Controlling Your Gambling


Whether it’s buying lottery or scratch-off tickets, placing a bet on sports events or playing the pokies, gambling involves risking something of value on an event that is determined at least partly by chance. In order to be considered a gamble, there must be consideration, risk, and a prize. Often, people confuse the term with casino games like roulette and blackjack, but even betting on office pools or buying tickets to a concert can be considered gambling.

Gambling is an addictive activity that can take your money, time and other things that are important to you. If you are struggling with problem gambling, seek help. Many people have lost not only their money but their families, friends and careers as a result of unhealthy gambling habits.

The psychological effects of gambling are rooted in complex psychological, behavioral and neurobiological factors. It is believed that some people, such as those with an underactive brain reward system, are genetically predisposed to thrill-seeking behaviours and impulsivity, which can lead to addiction and compulsive behavior. In addition, some gamblers are prone to depression, stress, and mood swings, which can further exacerbate their problem gambling behavior.

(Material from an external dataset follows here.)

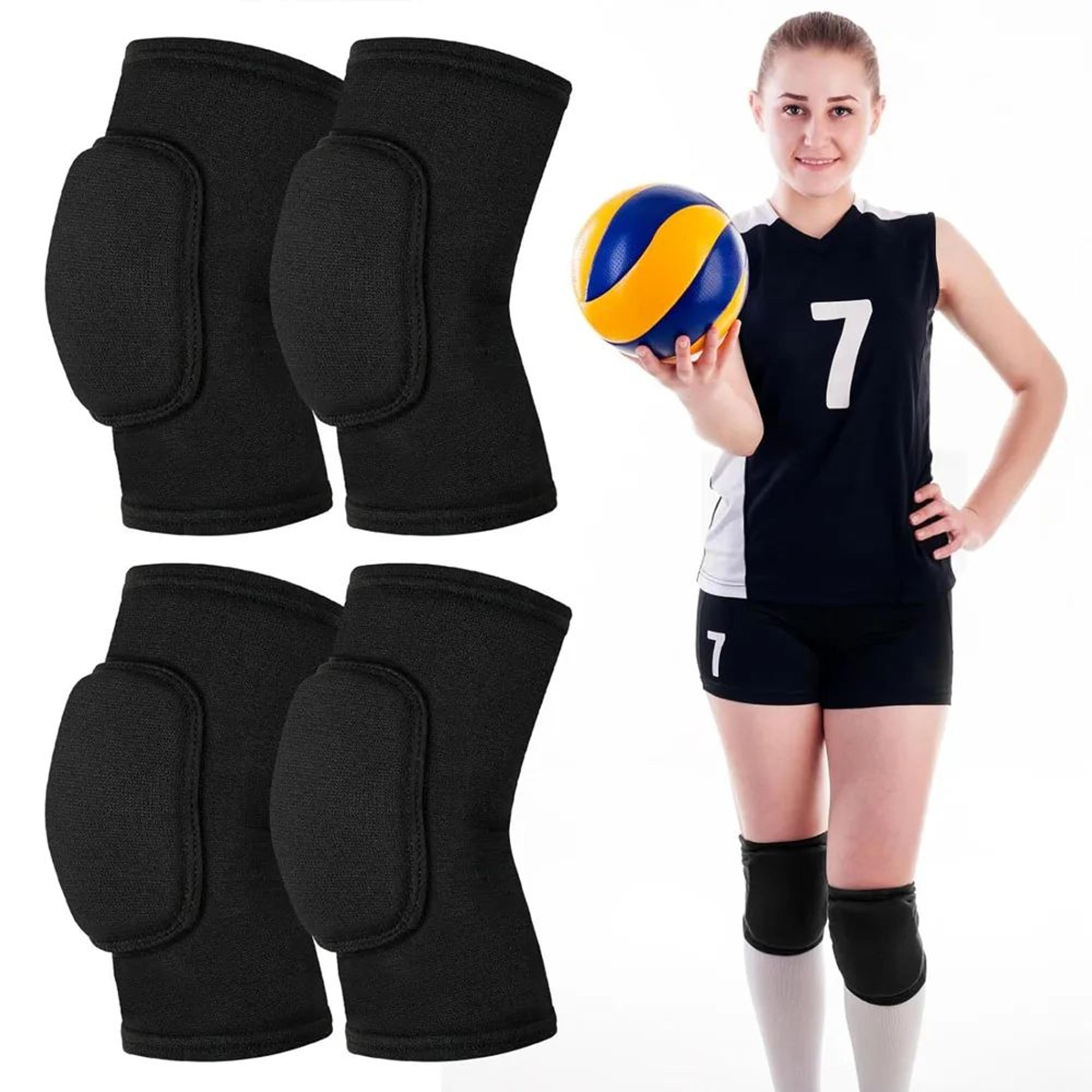 soft volleyball knee pads for women youth and kids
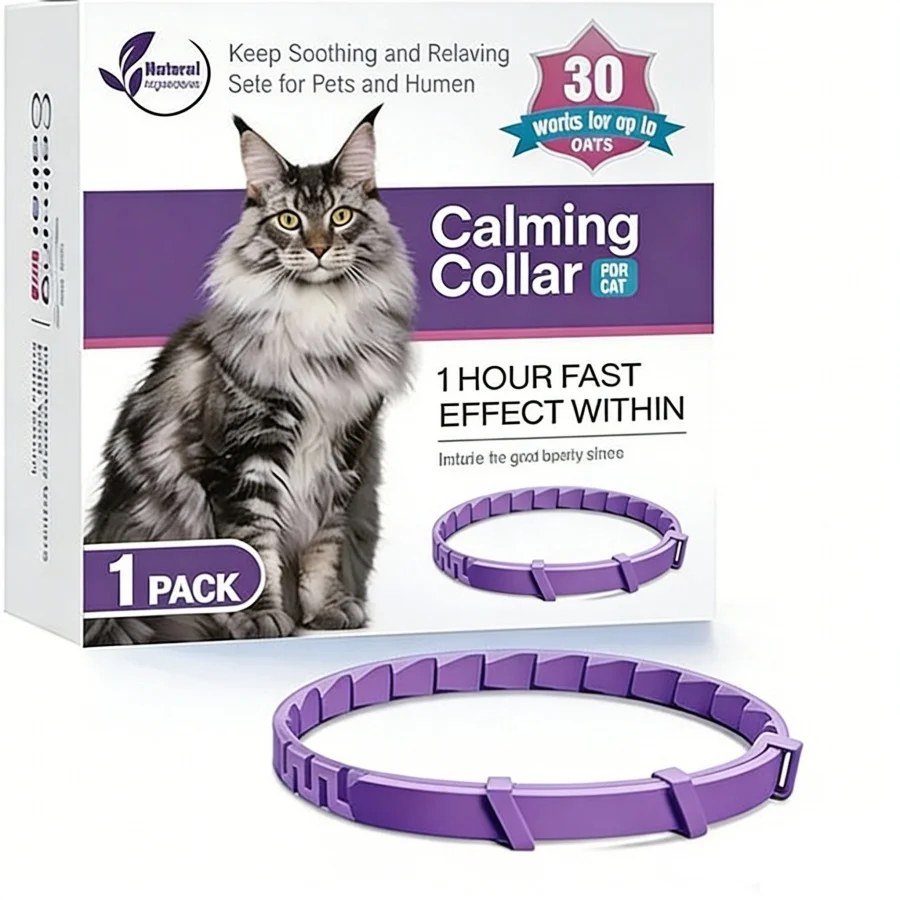 Pet Flea Collars Cat Safe Effective External Deworming Neck Collars Calming Cat Anxiety Relief Stress
Pet Flea Collars Cat Safe Effective External Deworming Neck Collars Calming Cat Anxiety Relief Stress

Moreover, gamblers can be affected by the lure of free drinks and food at casinos. They also may fall victim to the “gambler’s fallacy,” where they believe that they are due for a big win or can recoup their losses by continuing to gamble. Gambling can be a rewarding experience when it is done in moderation. However, it is essential to avoid letting it interfere with your daily life and to balance your gambling activities with other fun and relaxing hobbies.

A good way to control your gambling habit is to budget your money and stick to it. Only use money that you can afford to lose and make sure that it does not need to be saved or used for bills. This will help you focus on the enjoyment factor and minimize your chances of overspending.

It’s also a good idea to set a time limit for your gaming session and leave when it is over, regardless of whether you are winning or losing. Also, never chase your losses, as the more you try to recoup your money, the more you will likely lose in the long run.

If you find yourself gambling to cope with unpleasant feelings, it is important to learn healthier ways of relieving them. Consider trying exercise, spending time with non-gambling friends, or practicing relaxation techniques. You can also talk about your emotions with someone you trust or seek non-judgemental support from a GamCare helpline. It’s also a good idea to avoid gambling when you are depressed or upset, as this can lead to even bigger losses.